▶ WHAT YOU WILL DO:
A faithful copy of the data below is required, leaving out every picture.

(Short text fragments from websites)
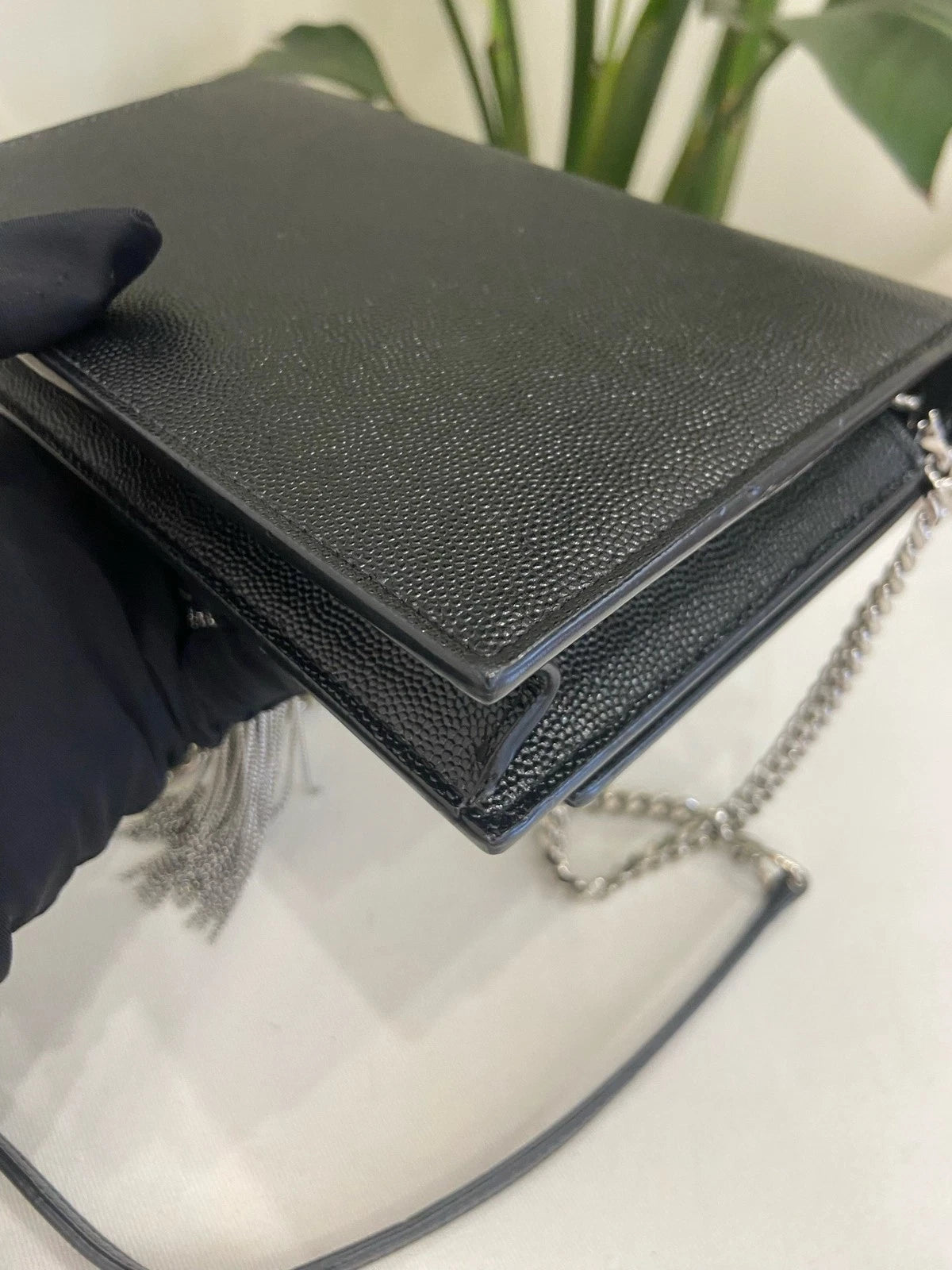 YSL Black Small Kate Tassel Chain Shoulder Bag For Women
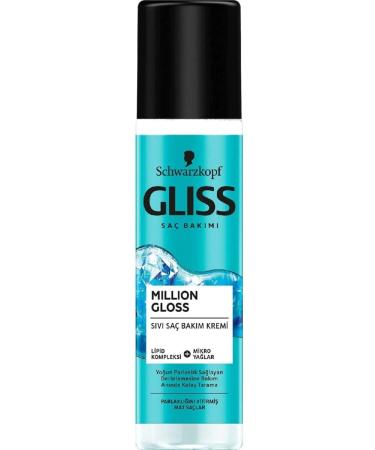 Gliss Schwarzkopf Million Gloss Liquid Conditioner 200 Ml 1 Pack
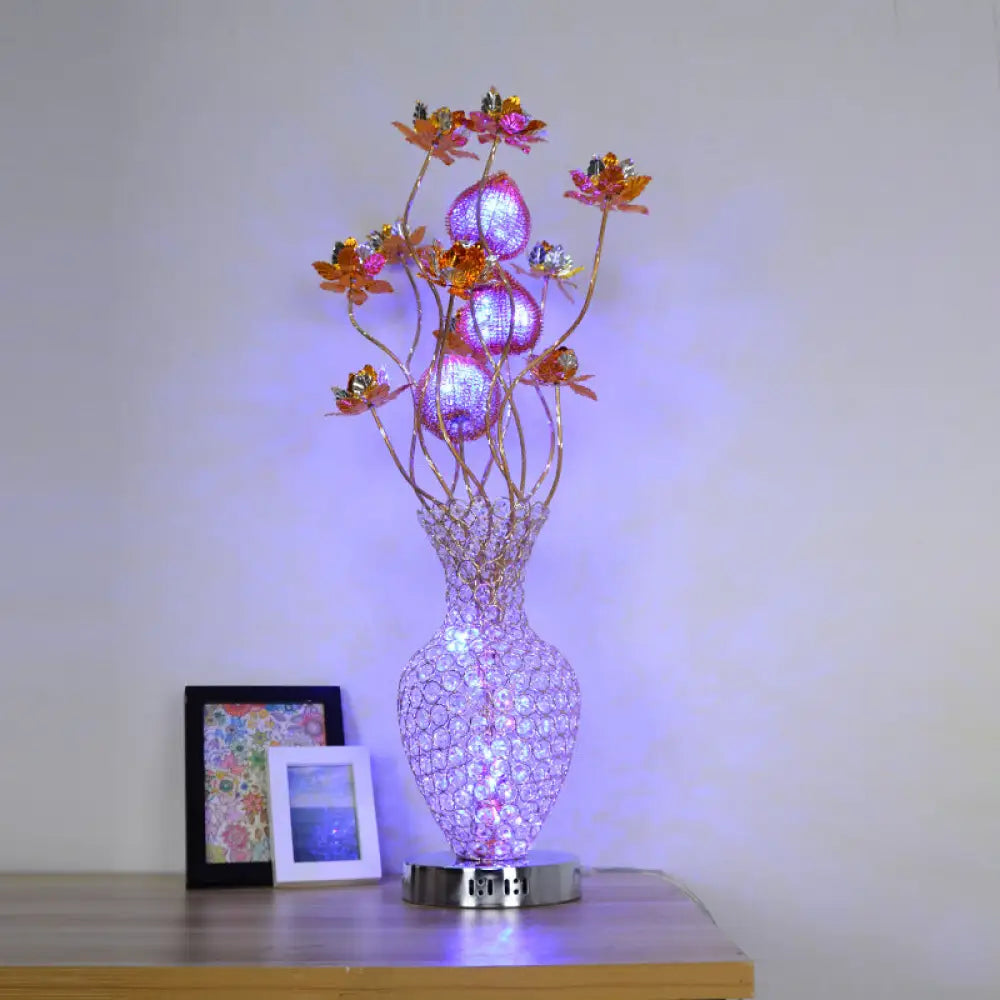 crystal table lamps with dazzling prisms for a glamorous effectcrystal table lamps with dazzling prisms for a glamorous effectAubrey - Gold Gold LED Table Lighting Art Decor Crystal Embedded Pineapple-Like Blossom Nightstand Lamp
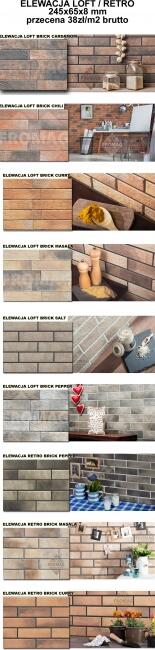 płytki czarne SZARE białe elewacja foggia bianco gris nero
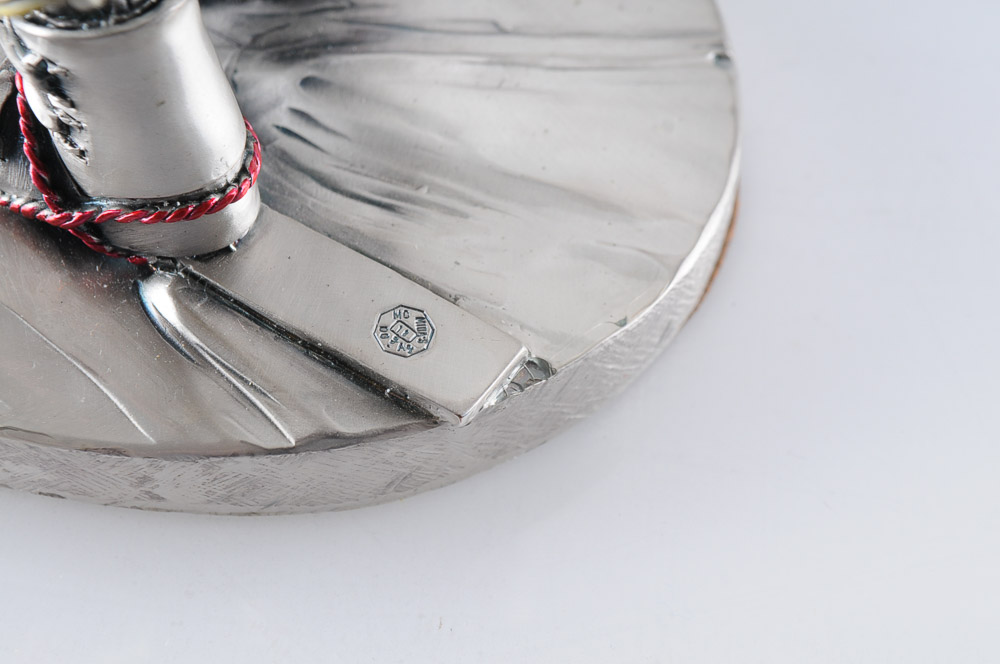 Mida Hand Painted Metal Clown Figurine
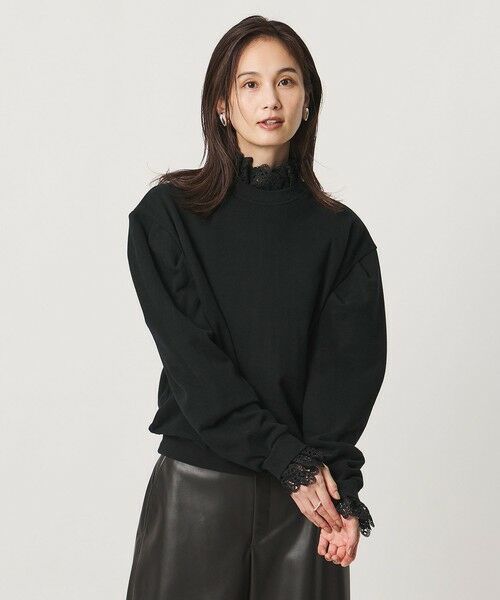 UNITED ARROWS / ユナイテッドアローズ スウェット | 【別注】＜dahl’ia＞レース ドッキング スウェット ‐united LOVE project 2026 | 詳細13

▶ OUTPUT FOR THIS TASK:
 YSL Black Small Kate Tassel Chain Shoulder Bag For Women
 Gliss Schwarzkopf Million Gloss Liquid Conditioner 200 Ml 1 Pack
 crystal table lamps with dazzling prisms for a glamorous effectcrystal table lamps with dazzling prisms for a glamorous effectAubrey - Gold Gold LED Table Lighting Art Decor Crystal Embedded Pineapple-Like Blossom Nightstand Lamp
 płytki czarne SZARE białe elewacja foggia bianco gris nero
 Mida Hand Painted Metal Clown Figurine
 UNITED ARROWS / ユナイテッドアローズ スウェット | 【別注】＜dahl’ia＞レース ドッキング スウェット ‐united LOVE project 2026 | 詳細13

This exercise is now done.